I’ve got many catholic relatives that describe themselves as vegetarians and eat fish. Language can be surprisingly imprecise and dependent upon tons of assumptions.

alwillis 108 days ago

> I’ve got many catholic relatives that describe themselves as vegetarians and eat fish

Those are pescatarians.

It's like how a tomato is a fruit, but it's used as a vegetable, meat has traditionally been the flesh of warm-blooded animals. Fish is the flesh of cold-blooded animals, making it meat but due to religious reasons it’s not considered meat.

roxolotl 108 days ago

Right exactly. The point is that dictionary definitions don’t always align with cultural ones.

idopmstuff 109 days ago

> 'Or none' is ruled out since it found the same vulnerability

It's not, though. It wasn't asked to find vulnerabilities over 10,000 files - it was asked to find a vulnerability in the one particular place in which the researchers knew there was a vulnerability. That's not proof that it would have found the vulnerability if it had been given a much larger surface area to search.

sweezyjeezy 108 days ago

I don't think the LLM was asked to check 10,000 files given these models' context windows. I suspect they went file by file too.

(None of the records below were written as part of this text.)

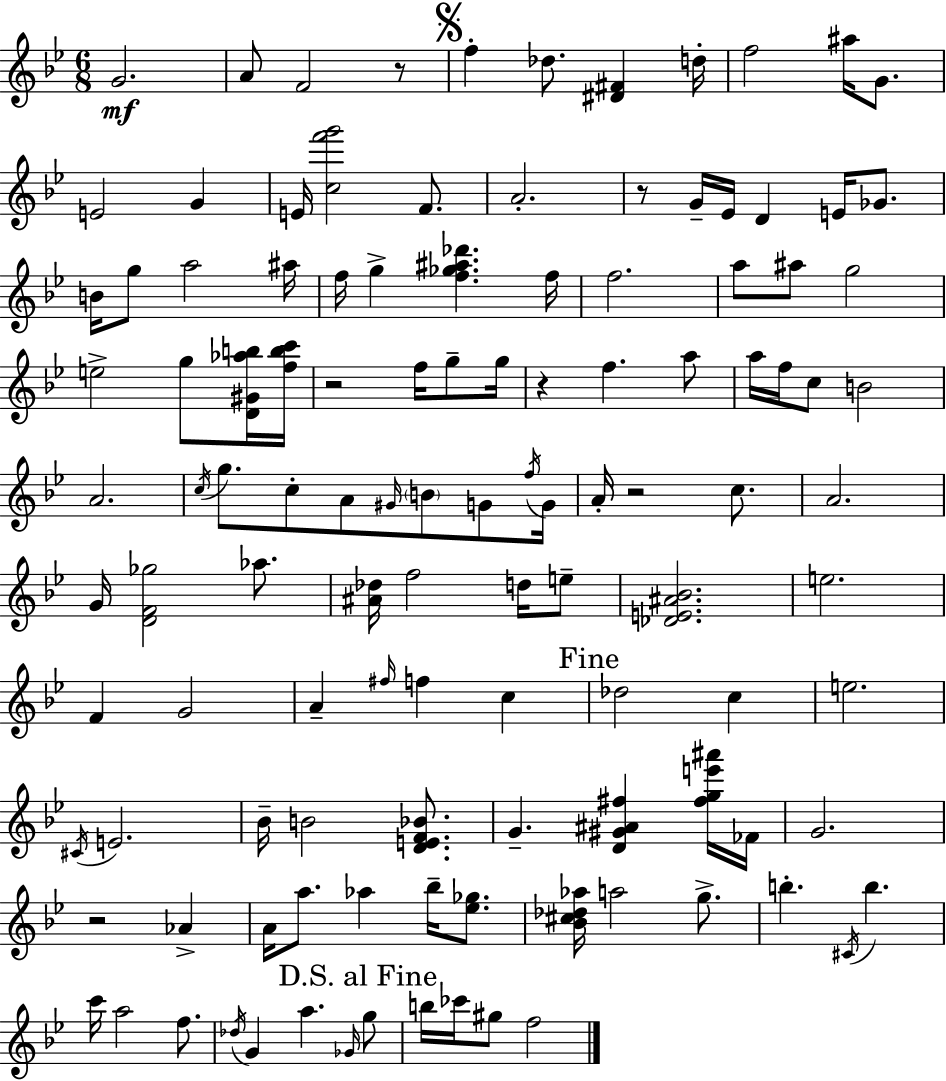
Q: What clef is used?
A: treble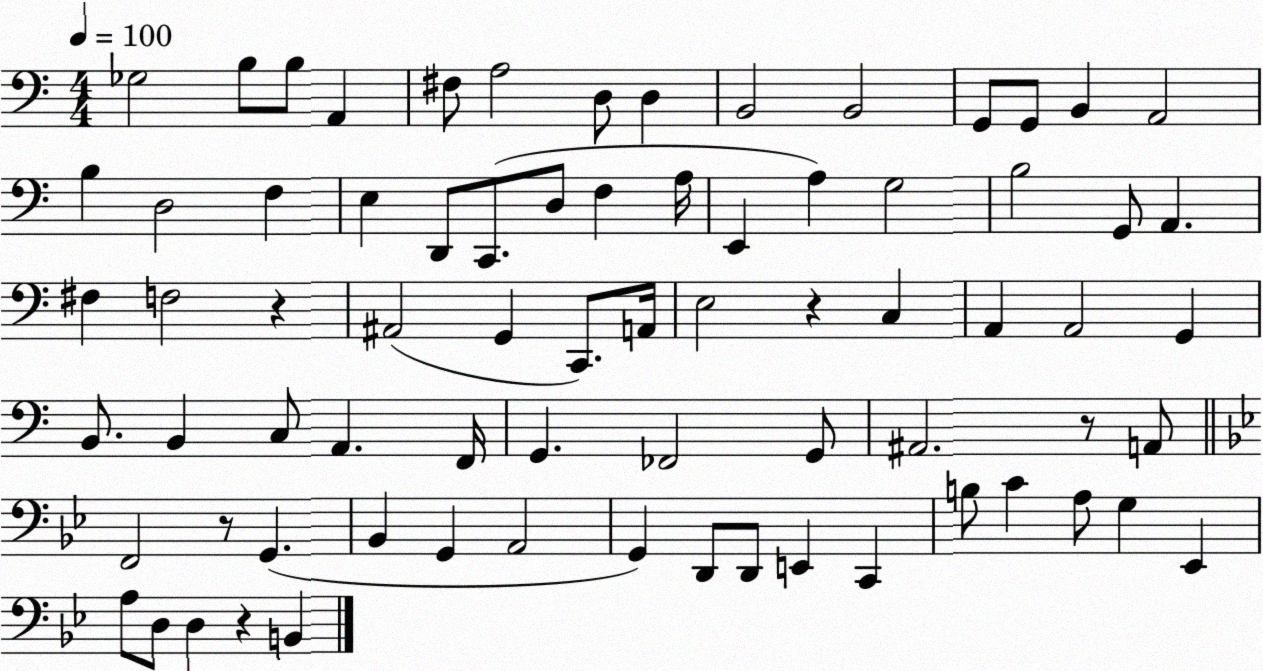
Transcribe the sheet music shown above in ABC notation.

X:1
T:Untitled
M:4/4
L:1/4
K:C
_G,2 B,/2 B,/2 A,, ^F,/2 A,2 D,/2 D, B,,2 B,,2 G,,/2 G,,/2 B,, A,,2 B, D,2 F, E, D,,/2 C,,/2 D,/2 F, A,/4 E,, A, G,2 B,2 G,,/2 A,, ^F, F,2 z ^A,,2 G,, C,,/2 A,,/4 E,2 z C, A,, A,,2 G,, B,,/2 B,, C,/2 A,, F,,/4 G,, _F,,2 G,,/2 ^A,,2 z/2 A,,/2 F,,2 z/2 G,, _B,, G,, A,,2 G,, D,,/2 D,,/2 E,, C,, B,/2 C A,/2 G, _E,, A,/2 D,/2 D, z B,,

That's kind of the point - I think there's three scenarios here

a) this just the first time an LLM has done such a thorough minesweeping b) previous versions of Claude did not detect this bug (seems the least likely) c) Anthropic have done this several times, but the false positive rate was so high that they never checked it properly

Between a) and c) I don't have a high confidence either way to be honest.

direwolf20 107 days ago

Mythos was also asked to find a vulnerability in one file, in turn for each file. Maybe the small model needs to be asked about each function instead of each file. Okay, you can still automate that.

jgalt212 107 days ago

or run multiple cheap models in parallel: MOE^n, in effect.